- **SOURCE INFORMATION**
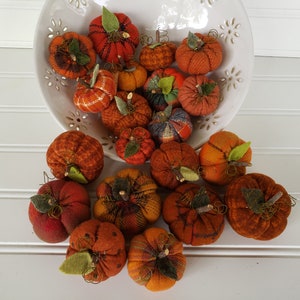 May include: A collection of small, handmade fabric pumpkins in various shades of orange and brown. The pumpkins are arranged in a white bowl and on a white surface.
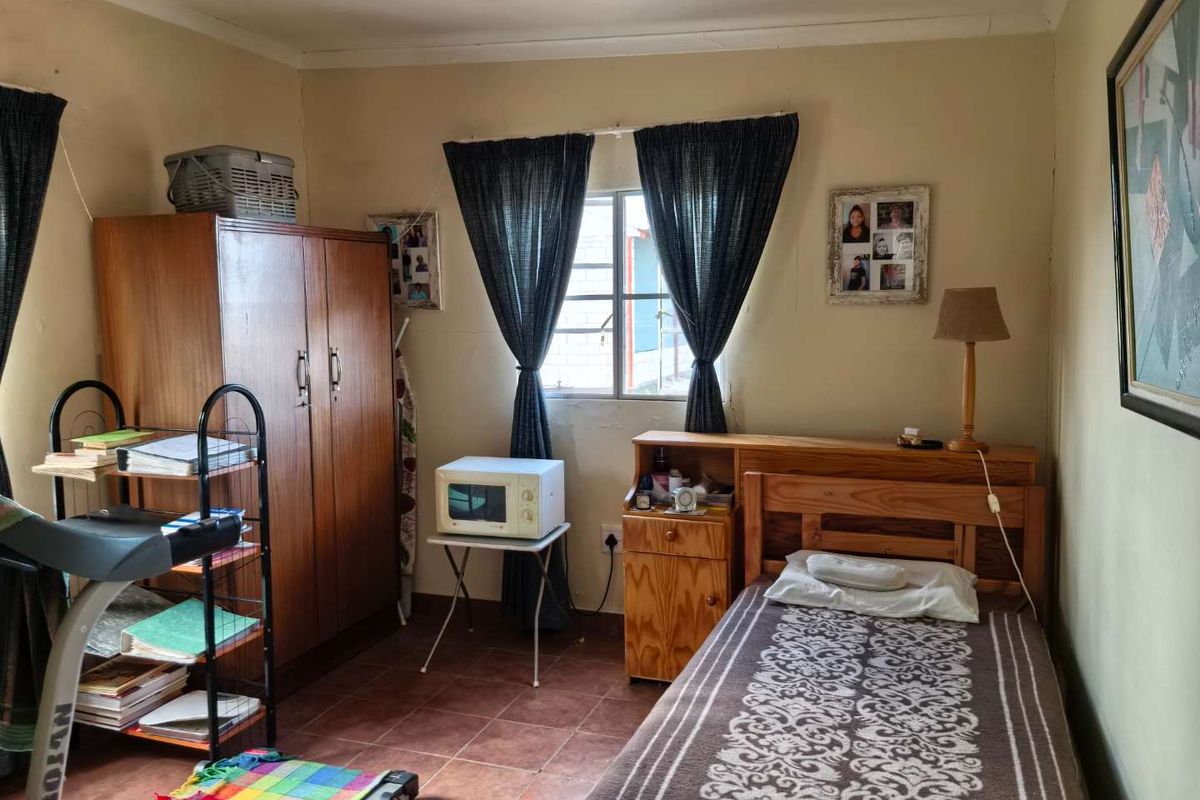 A compact bedroom featuring tiled flooring and a window with security bars, requiring cosmetic updates to improve the overall condition of the space.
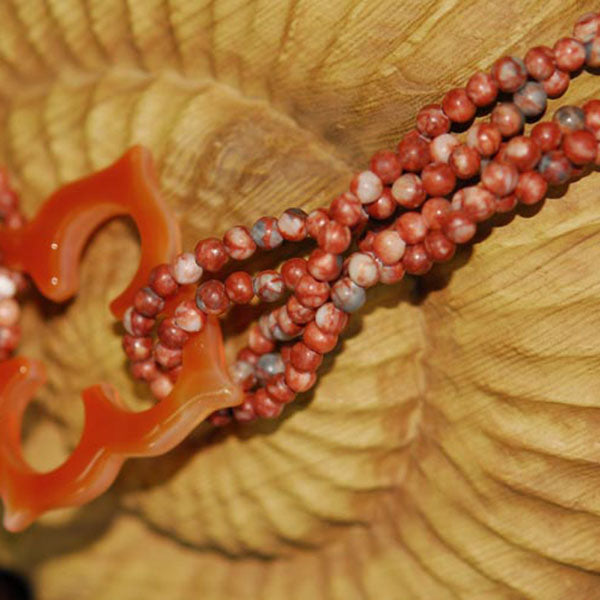 Multi Strand Twisted Sesame Jasper Necklace with Floral Cutout Orange Agate Focal Pendant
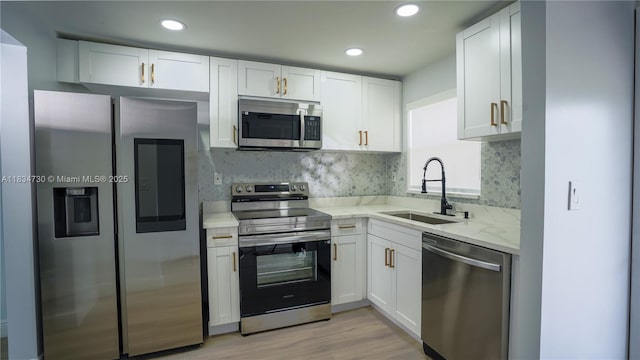 9601 Sunrise Lakes Blvd Unit 311, Sunrise, FL 33322 - kitchen with stainless steel appliances, white cabinets, light wood finished floors, recessed lighting, and backsplash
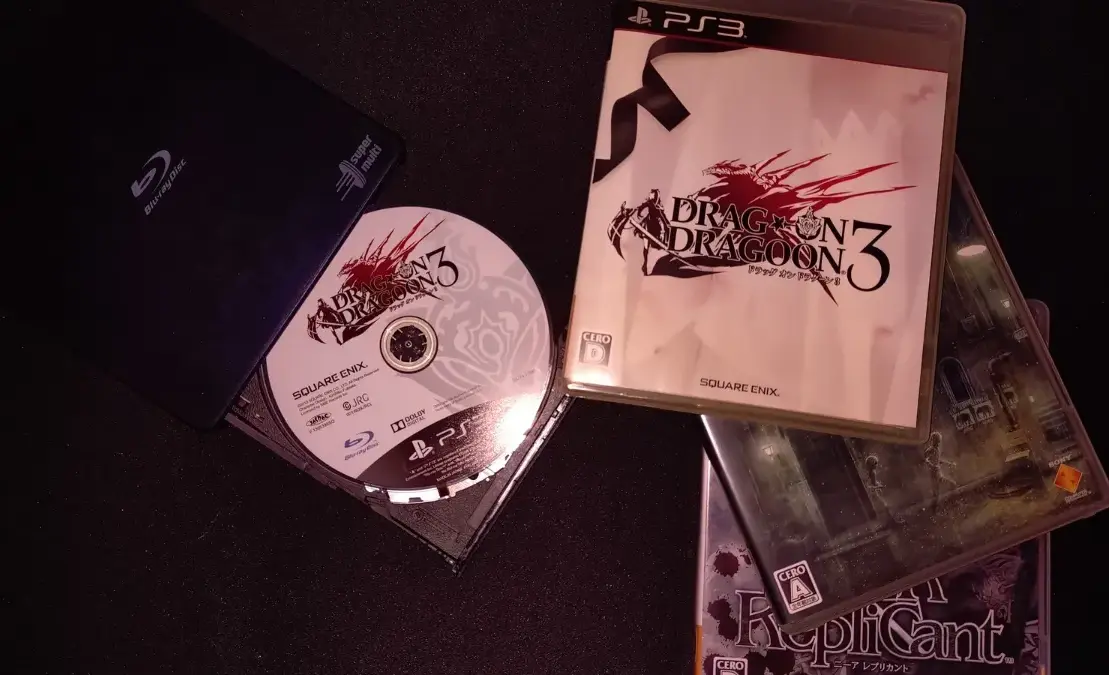 PS3 game cases and a disc for Dragon Dragon 3 and Drakengard/Replicant on a dark tabletop, with Japanese cover art.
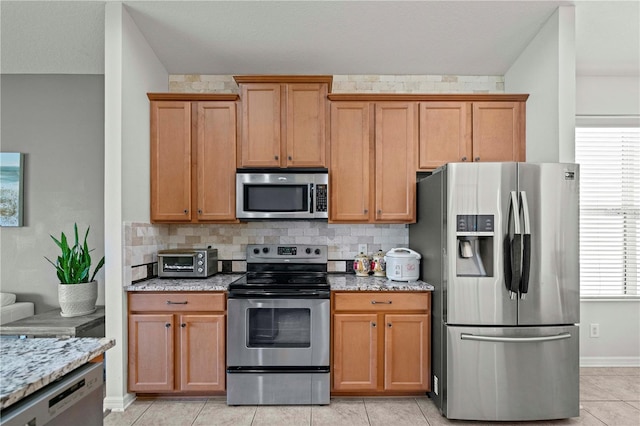 kitchen featuring stainless steel appliances, tasteful backsplash, and light stone countertops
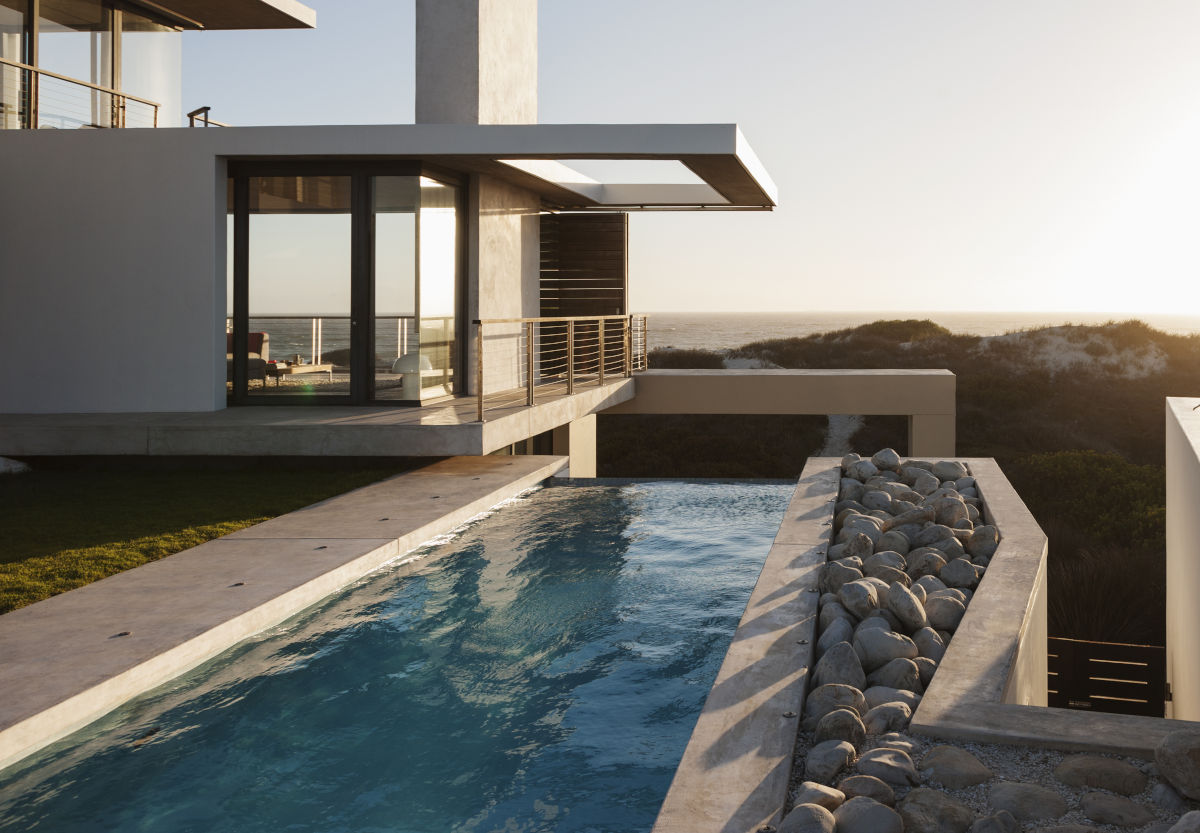 Modern house overlooking beach at sunset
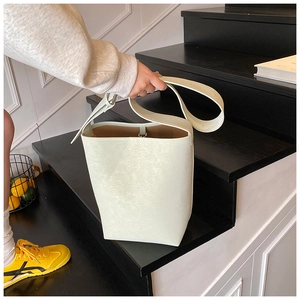 Detailansicht der cremefarbenen Beuteltasche mit Litschi-Struktur und braunem Innenfutter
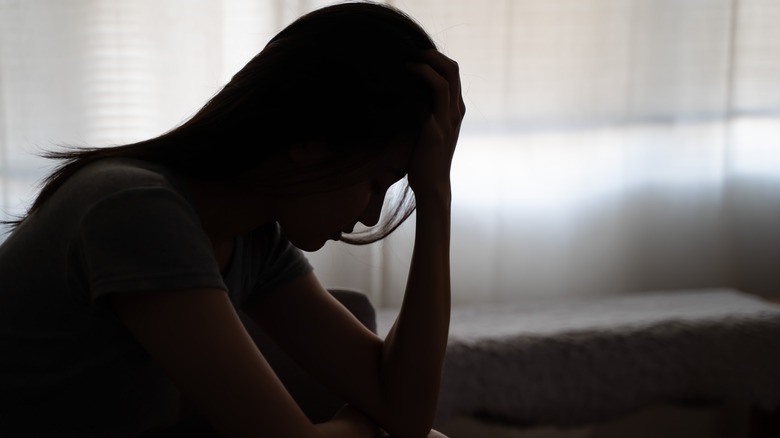 woman holds head in hands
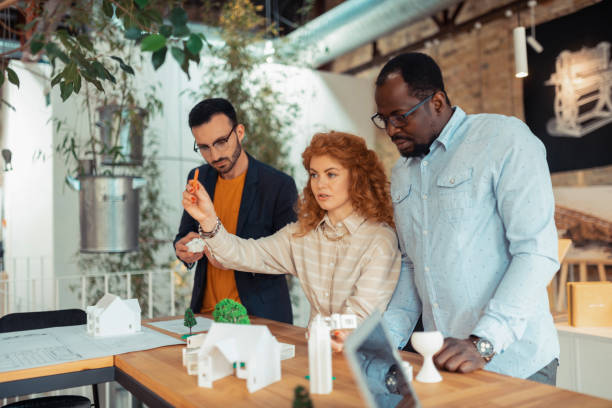istock Three interior designers working on green city project together 1159365539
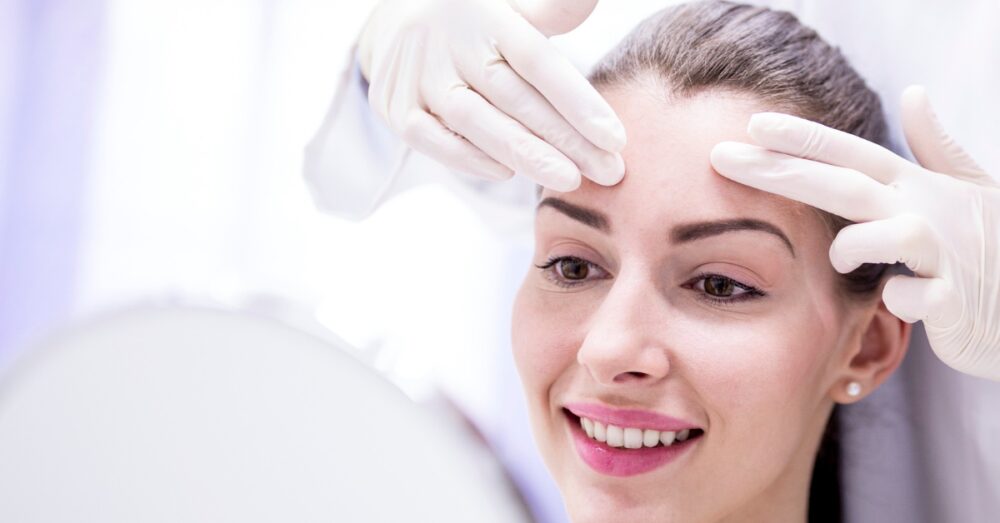 Woman looking into a mirror while smiling as a gloved provider touches her forehead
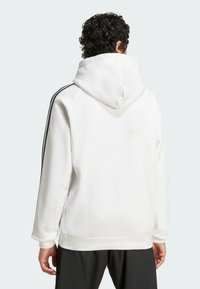 Witte hoodie van een gestructureerde stof, voorzien van een aantrekkoord in de capuchon en zwarte zijstrepen. Het achteraanzicht toont een relaxte pasvorm en geribbelde boorden.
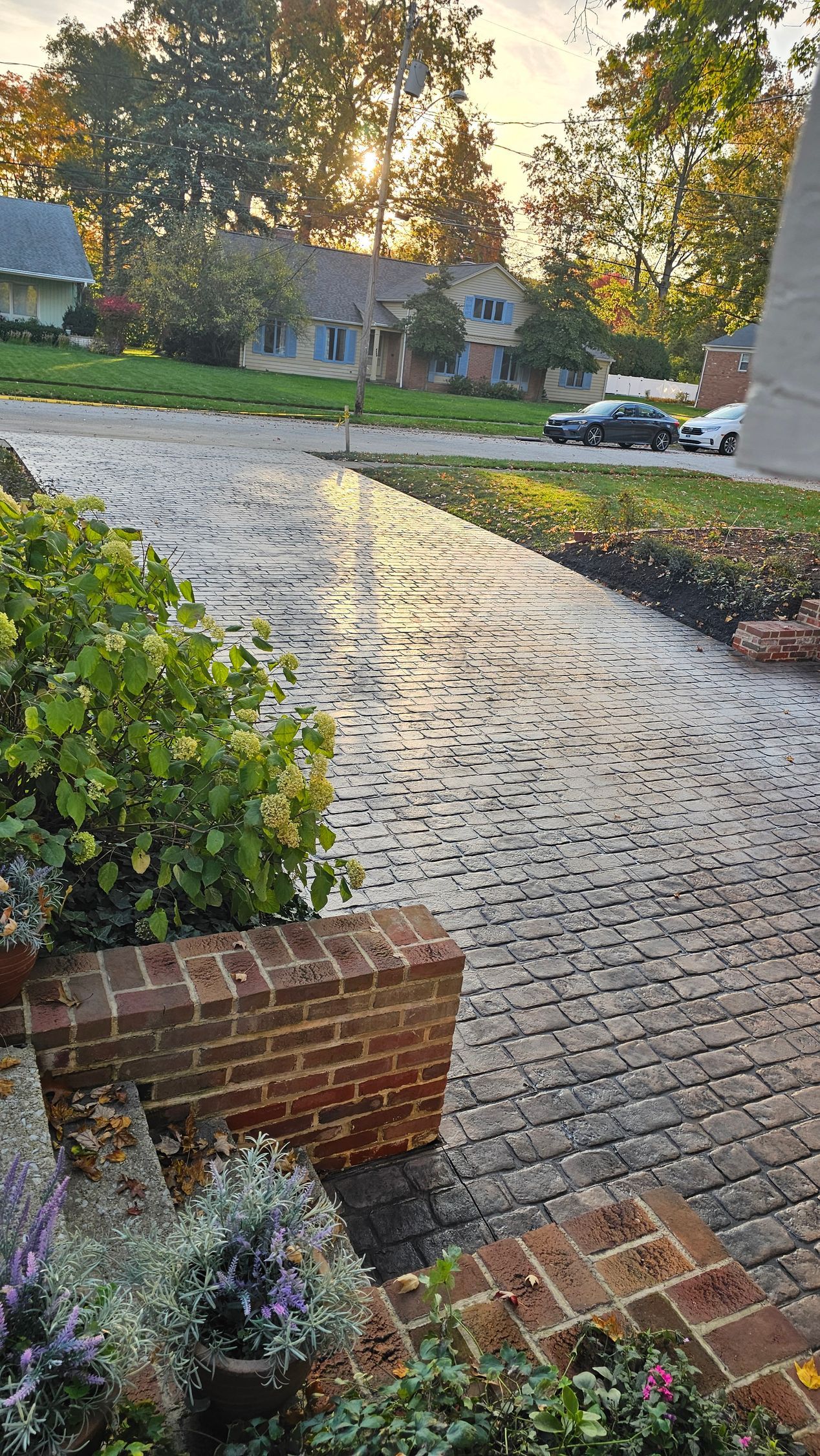 A sunlit cobblestone driveway leads toward a house in the distance, framed by brick retaining walls and garden plants.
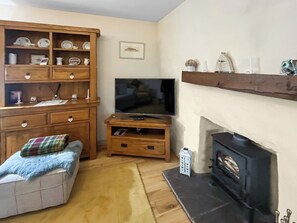 A living room with a wooden entertainment unit, a flat-screen TV, a fireplace, and a small seating area. - 1 bedroom accommodation in Portree (Portree)
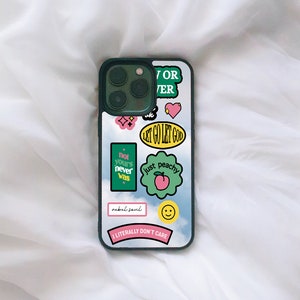 May include: A black phone case with a variety of colourful stickers. The stickers include phrases like "Let Go Let God", "Not Yours Never Was", "Just Peachy", and "I Literally Don't Care".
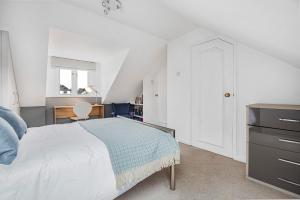 亨利昂泰晤士Charming 3 Bedroom Townhouse in Henley-On-Thames的白色卧室配有床和书桌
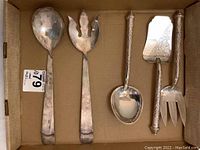Five silver plated serving utensils in cardboard box showing front view.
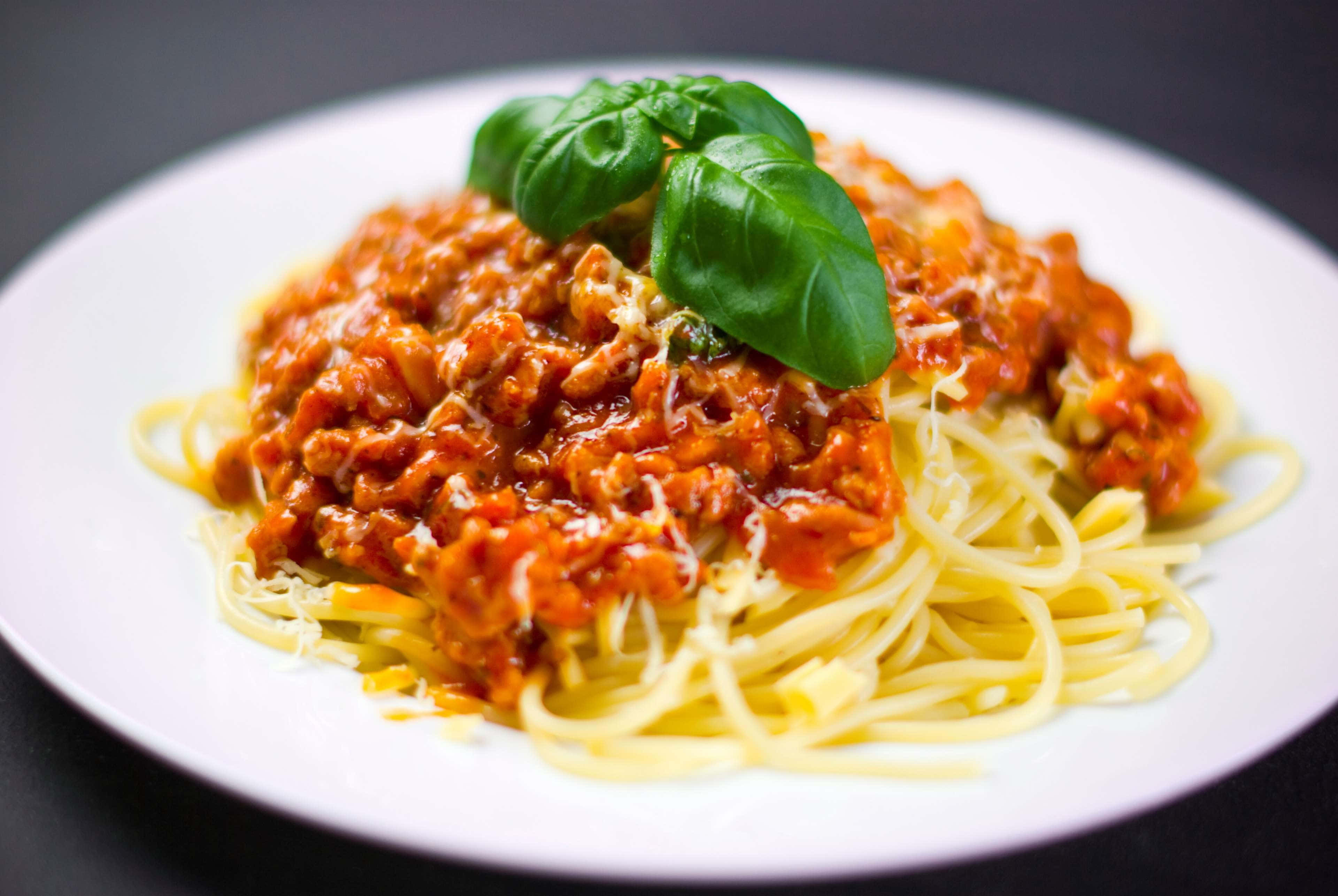 Spaghetti 桌布 壁紙 — 一盤義大利麵配上濃郁肉醬和新鮮羅勒葉裝飾。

- **PROBLEM REQUIREMENTS**
Transcribe every entry word for word, but omit the pictures.

- **RESPONSE TO THE EXERCISE**
 May include: A collection of small, handmade fabric pumpkins in various shades of orange and brown. The pumpkins are arranged in a white bowl and on a white surface.
 A compact bedroom featuring tiled flooring and a window with security bars, requiring cosmetic updates to improve the overall condition of the space.
 Multi Strand Twisted Sesame Jasper Necklace with Floral Cutout Orange Agate Focal Pendant
 9601 Sunrise Lakes Blvd Unit 311, Sunrise, FL 33322 - kitchen with stainless steel appliances, white cabinets, light wood finished floors, recessed lighting, and backsplash
 PS3 game cases and a disc for Dragon Dragon 3 and Drakengard/Replicant on a dark tabletop, with Japanese cover art.
 kitchen featuring stainless steel appliances, tasteful backsplash, and light stone countertops
 Modern house overlooking beach at sunset
 Detailansicht der cremefarbenen Beuteltasche mit Litschi-Struktur und braunem Innenfutter
 woman holds head in hands
istock Three interior designers working on green city project together 1159365539
 Woman looking into a mirror while smiling as a gloved provider touches her forehead
 Witte hoodie van een gestructureerde stof, voorzien van een aantrekkoord in de capuchon en zwarte zijstrepen. Het achteraanzicht toont een relaxte pasvorm en geribbelde boorden.
 A sunlit cobblestone driveway leads toward a house in the distance, framed by brick retaining walls and garden plants.
 A living room with a wooden entertainment unit, a flat-screen TV, a fireplace, and a small seating area. - 1 bedroom accommodation in Portree (Portree)
 May include: A black phone case with a variety of colourful stickers. The stickers include phrases like "Let Go Let God", "Not Yours Never Was", "Just Peachy", and "I Literally Don't Care".
 亨利昂泰晤士Charming 3 Bedroom Townhouse in Henley-On-Thames的白色卧室配有床和书桌
Five silver plated serving utensils in cardboard box showing front view.
 Spaghetti 桌布 壁紙 — 一盤義大利麵配上濃郁肉醬和新鮮羅勒葉裝飾。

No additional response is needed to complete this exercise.